All the lines below need to be transcribed exactly. Pictures get left out.

═══ Given information ═══

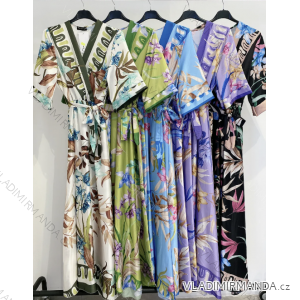 Women's Long Chiffon Short Sleeve Dress (S/M ONE SIZE) ITALIAN FASHION IMWGS231048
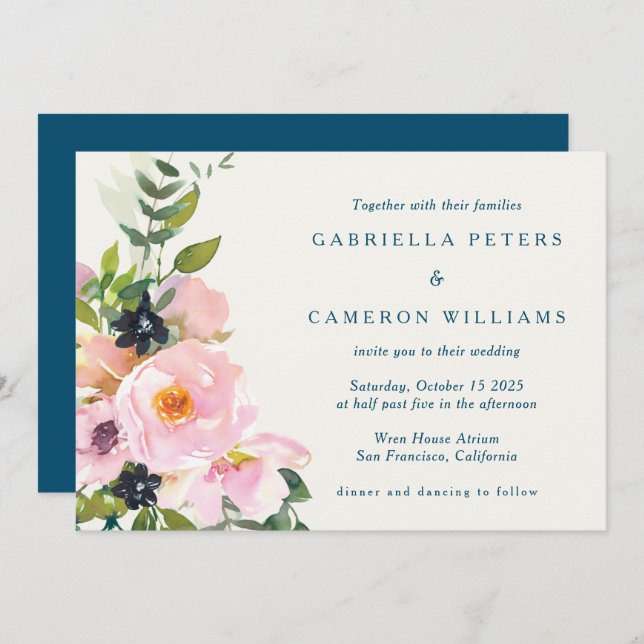 Convite Casamento Moderno de Cor de Água Floral Azul-Rosa  (Frente/Verso)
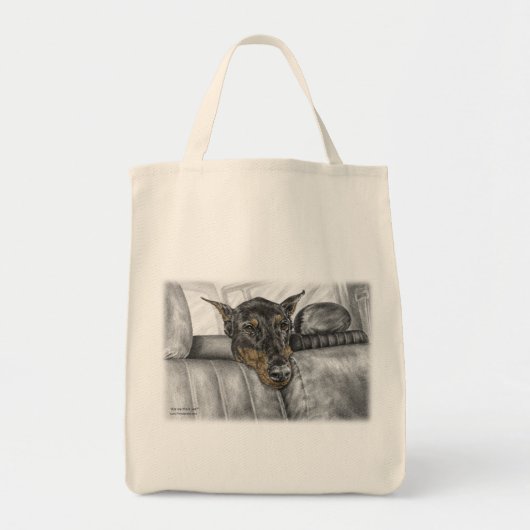 Doberman Riding in auto Tote Bag (Voorkant)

═══

Task answer:
 Women's Long Chiffon Short Sleeve Dress (S/M ONE SIZE) ITALIAN FASHION IMWGS231048
 Convite Casamento Moderno de Cor de Água Floral Azul-Rosa  (Frente/Verso)
 Doberman Riding in auto Tote Bag (Voorkant)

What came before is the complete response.